Columbia International Affairs Online: Working Papers

CIAO DATE: 09/2011

Federal Higher Education Policy and the Profitable Nonprofits

Vance Fried

June 2011

The Cato Institute

Abstract

Undergraduate education is a highly profitable business for nonprofit colleges and universities. They do not show profits on their books, but instead take their profits in the form of spending on some combination of research, graduate education, low-demand majors, low faculty teaching loads, excess compensation, and featherbedding. The industry's high profits come at the expense of students and taxpayer. To lower the cost of education, federal government policies should encourage competition. Regulations should not favor nonprofits over for-profits. Further, the accreditation process should be reformed so that any qualified institution can easily enter the industry. The financial-aid process should be redesigned to remove the bargaining advantage that colleges currently hold over prospective students. The higher-education industry is heavily subsidized by the federal government. These subsidies play a significant role in the high profitability of the industry and represent a massive transfer of wealth from the taxpayer to the industry. This should change. All tax credits and deductions should be eliminated immediately, as should all direct subsidies.
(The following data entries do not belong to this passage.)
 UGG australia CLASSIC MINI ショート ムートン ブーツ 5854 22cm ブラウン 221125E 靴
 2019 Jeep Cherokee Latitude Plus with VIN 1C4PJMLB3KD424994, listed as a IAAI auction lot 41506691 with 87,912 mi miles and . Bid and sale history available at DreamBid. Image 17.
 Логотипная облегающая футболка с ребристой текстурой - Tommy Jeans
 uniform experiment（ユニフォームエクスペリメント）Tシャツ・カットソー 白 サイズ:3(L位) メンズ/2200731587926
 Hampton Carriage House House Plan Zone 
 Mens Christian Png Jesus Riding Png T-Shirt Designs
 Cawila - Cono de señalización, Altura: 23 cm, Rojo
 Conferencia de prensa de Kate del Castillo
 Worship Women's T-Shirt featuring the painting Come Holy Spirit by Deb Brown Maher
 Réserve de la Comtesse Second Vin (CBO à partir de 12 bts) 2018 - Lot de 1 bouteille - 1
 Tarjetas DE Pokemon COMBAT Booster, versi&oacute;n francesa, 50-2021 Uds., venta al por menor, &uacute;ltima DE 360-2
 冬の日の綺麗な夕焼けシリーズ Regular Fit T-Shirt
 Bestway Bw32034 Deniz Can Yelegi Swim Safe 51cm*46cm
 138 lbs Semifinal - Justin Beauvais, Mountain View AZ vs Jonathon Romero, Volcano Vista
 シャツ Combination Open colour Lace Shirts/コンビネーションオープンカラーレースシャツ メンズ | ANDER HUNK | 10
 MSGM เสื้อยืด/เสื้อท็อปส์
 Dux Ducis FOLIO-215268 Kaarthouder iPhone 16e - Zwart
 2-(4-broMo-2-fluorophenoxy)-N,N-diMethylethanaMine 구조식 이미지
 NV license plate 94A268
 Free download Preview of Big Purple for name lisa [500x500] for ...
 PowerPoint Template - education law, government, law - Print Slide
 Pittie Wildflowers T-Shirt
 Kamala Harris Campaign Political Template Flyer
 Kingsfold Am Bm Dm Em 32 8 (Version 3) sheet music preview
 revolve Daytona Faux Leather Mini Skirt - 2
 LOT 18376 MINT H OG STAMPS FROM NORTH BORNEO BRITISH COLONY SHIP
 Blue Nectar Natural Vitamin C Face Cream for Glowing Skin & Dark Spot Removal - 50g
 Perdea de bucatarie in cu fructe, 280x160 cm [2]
The federal loan program should be restructured to eliminate the government subsidy and ensure that any deserving student can graduate from college without excessive debt, and eligibility for Pell grants should be tightened significantly. The net result of these changes would be greater efficiency and annual savings of $50 to $60 billion. To the extent that the federal government continues to play any role in higher education, its goal should be to ensure that all deserving students have access to higher education, not to maintain high industry profits.